I found Frank scuttering around in his digger churning up the sticky clay-laden mud. Picking my way through the furrows on my way to the site office, I had to swiftly dart for cover along with his hens and three cockerels as apparently he stops for no man, woman or chicken. I was dressed in a military-style jacket and beret, and looked very much like I had parachuted down into occupied France to inspect the trenches leaving my parachute dangling from a nearby tree. I didn’t actually parachute in but I was indeed there to inspect his trenches and was probably camouflaged on this grey day threatening even more rain.

Rain was not something Frank needed now. Three weeks ago he started digging having demolished his house. The trenches for the footings of his new house are almost finished and he has excavated a cavernous area which will serve as his basement. The rain is his enemy. Swathes of blue plastic weighted down with flints cover the site but he tells me that as soon as he has finished his beautifully dug trench, the water caves it in again.

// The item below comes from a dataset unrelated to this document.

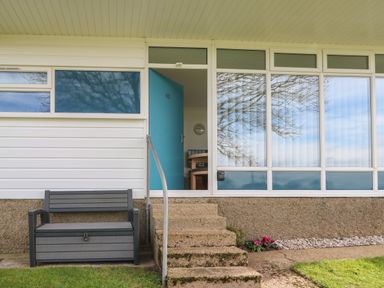 Exterior of a building with a blue door number 63 steps leading up and a bench at Pebbles in Cromer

I would be pulling my hair out, Frank is still smiling.

He is going to build the house himself. The whole thing. He has the architect’s plans and the structural engineer’s drawings as well as two excellent labourers. I would be worried if anyone else was taking on a project like this, but Frank is someone who can do anything if he puts his inventive mind to it and I’m looking forward to seeing his house emerge from this Somme-like squelchiness.

It being winter, as more rain is forecast to fall this evening and the light will soon fade, I am loathe to take him away from his shoring up duties. But luckily for me there is a tea break on the horizon and a window of opportunity to ask him some questions.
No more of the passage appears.